Problem description
The material below holds a span beginning at the line with "living space. This" and ending at the line with "Jean-Luc Reichmann lors". Quote that span exactly, both ends included, and only that span.

*** Given records ***

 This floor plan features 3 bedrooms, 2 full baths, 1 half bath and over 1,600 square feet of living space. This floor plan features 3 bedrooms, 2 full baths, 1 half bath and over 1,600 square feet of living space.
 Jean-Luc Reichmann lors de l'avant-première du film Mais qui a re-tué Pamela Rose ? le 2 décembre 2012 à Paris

***
*** Given records ***

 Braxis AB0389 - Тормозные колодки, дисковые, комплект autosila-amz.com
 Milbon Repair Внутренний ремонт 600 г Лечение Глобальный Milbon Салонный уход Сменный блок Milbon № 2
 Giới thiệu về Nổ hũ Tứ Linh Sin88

***
*** Given records ***

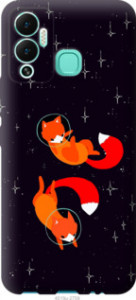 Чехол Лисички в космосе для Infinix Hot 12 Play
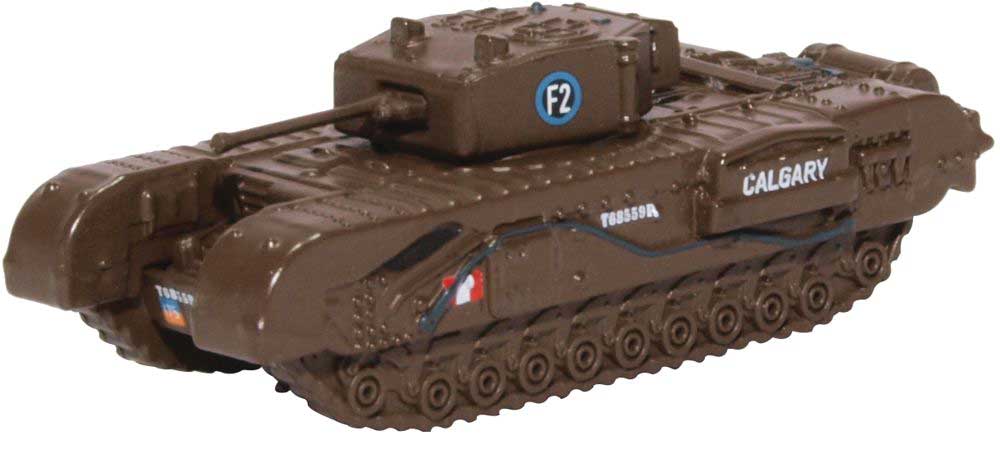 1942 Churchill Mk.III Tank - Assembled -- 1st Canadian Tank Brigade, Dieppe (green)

***

Response below
 This floor plan features 3 bedrooms, 2 full baths, 1 half bath and over 1,600 square feet of living space. This floor plan features 3 bedrooms, 2 full baths, 1 half bath and over 1,600 square feet of living space.
 Jean-Luc Reichmann lors de l'avant-première du film Mais qui a re-tué Pamela Rose ? le 2 décembre 2012 à Paris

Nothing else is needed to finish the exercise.